Given data |
--- START ---

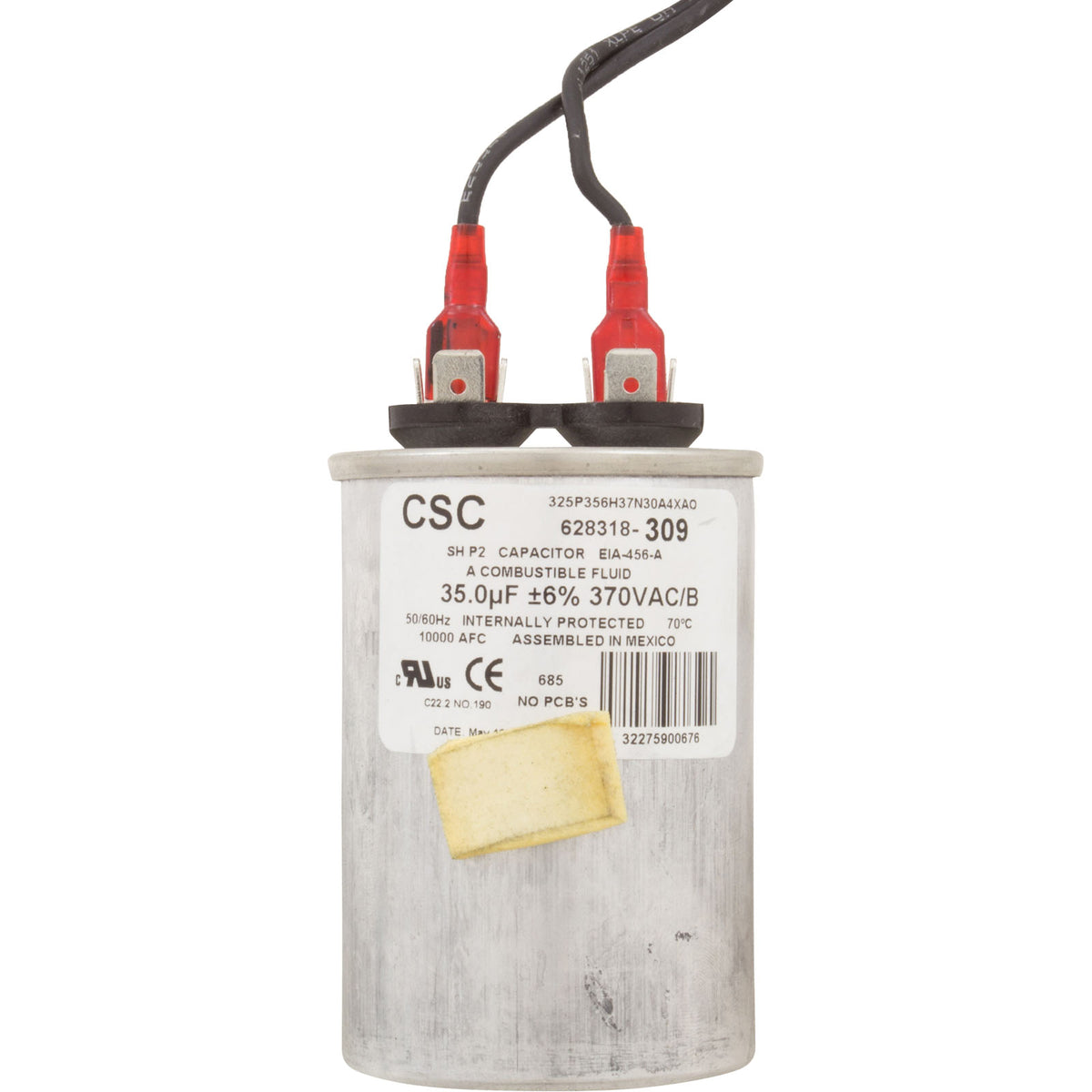 Motor, Hayward NorthStar, 0.75hp, Full Rate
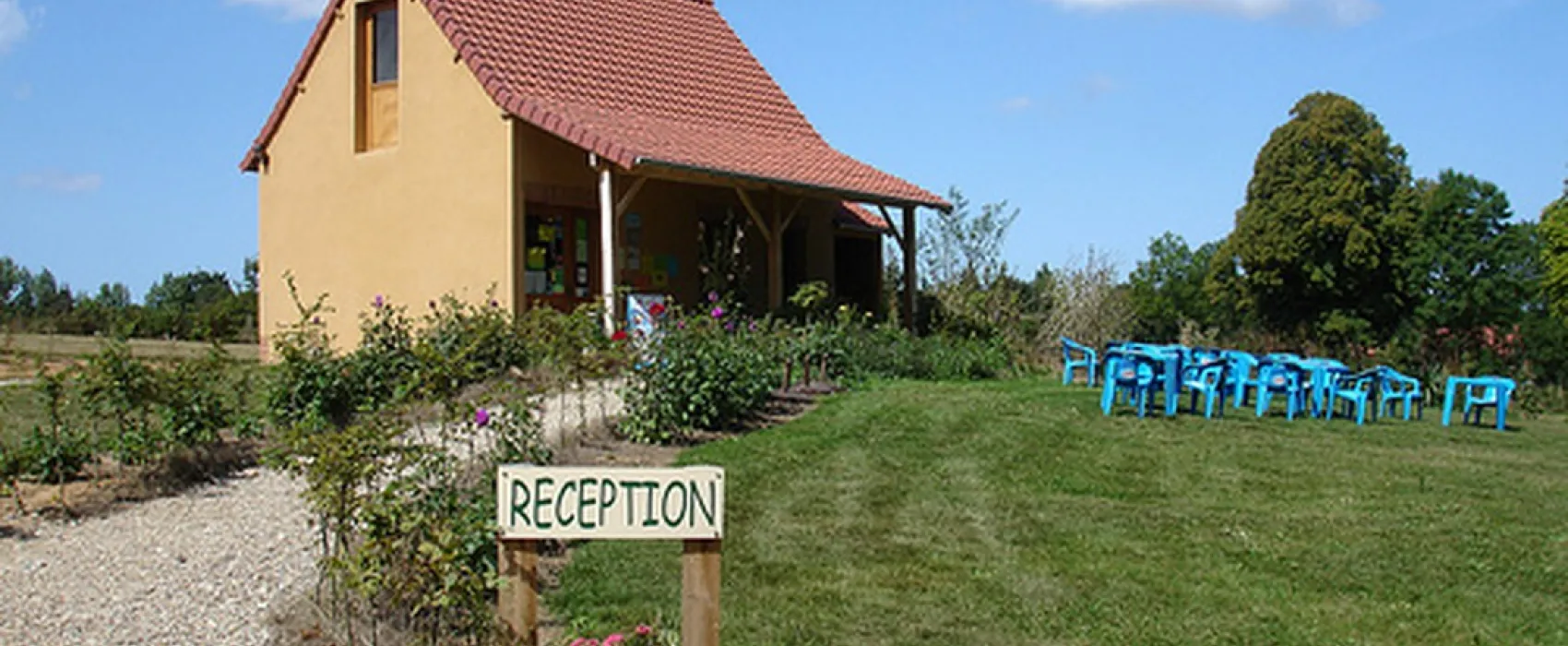 Camping Le Clos Cacheleux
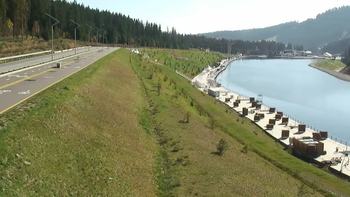 Буковель 18 жовтня 2018 року, 2018-10-18 13:00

--- END ---

Would you repeat each line of the listing exactly, skipping any picture?

Expected answer |
 Motor, Hayward NorthStar, 0.75hp, Full Rate
 Camping Le Clos Cacheleux
 Буковель 18 жовтня 2018 року, 2018-10-18 13:00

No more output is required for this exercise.